Horwich is situated at the southern end of the West Pennine Moors, with a population of over 20,000 and decent access to the M61 motorway. Railway stations at Blackrod (nearest to the town centre) and Horwich Parkway, combined with a frequent bus service provide transport between Horwich and Bolton.
Kearsley is a medium sized town situated a few miles south of Bolton. The A666 from Manchester to Kearsley passes directly through the town.
Kearsley railway station provides a service northbound to Bolton and southbound to Manchester.
As a large village in the Metropolitan Borough of Bolton, Little Lever is situated a couple of miles southeast of Bolton. There are seven schools in little lever (5 primary, one secondary, and one special needs school) so it’s an excellent place for families to settle, and it also hosts a library for the book lovers.
Adjacent to the Little Lever School is a purpose-built leisure centre containing a sports hall, gymnasium, squash courts, and an all-weather pitch. Sports all-rounders can also get in some football, cricket, and bowls. For active youths there are several youth organisations to join, which will help keep them busy through a range of activities.
Westhoughton is made up of several small villages and hamlets, each with a unique character.
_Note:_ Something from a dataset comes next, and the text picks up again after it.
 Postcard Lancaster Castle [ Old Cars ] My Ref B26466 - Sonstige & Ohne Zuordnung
Transport is well taken care of with buses connecting to Bolton, Wigan and Leigh and trains connecting to Manchester, Bolton and Southport.
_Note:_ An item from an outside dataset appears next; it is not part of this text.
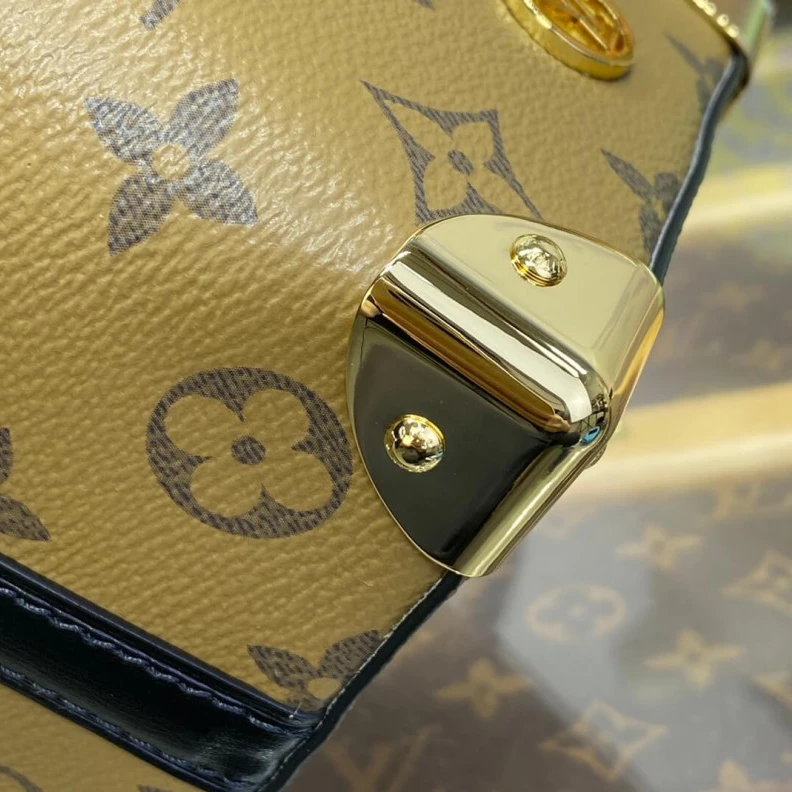 Replica bag Trunk sty Louis Vuitton Monogram Reverse Canvas Noe Purse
“picturesque farmhouses and cottages provide rural living at its very best…”
Lying on the southern slopes of the West Pennine Moors, South Turton provides superb country living within close proximity to the centres of Bolton, Blackburn and Bury. The picturesque farmhouses and cottages provide rural living at its very best and the trails around the Wayoh and Entwistle reservoirs are local favourites with ramblers and dog walkers alike.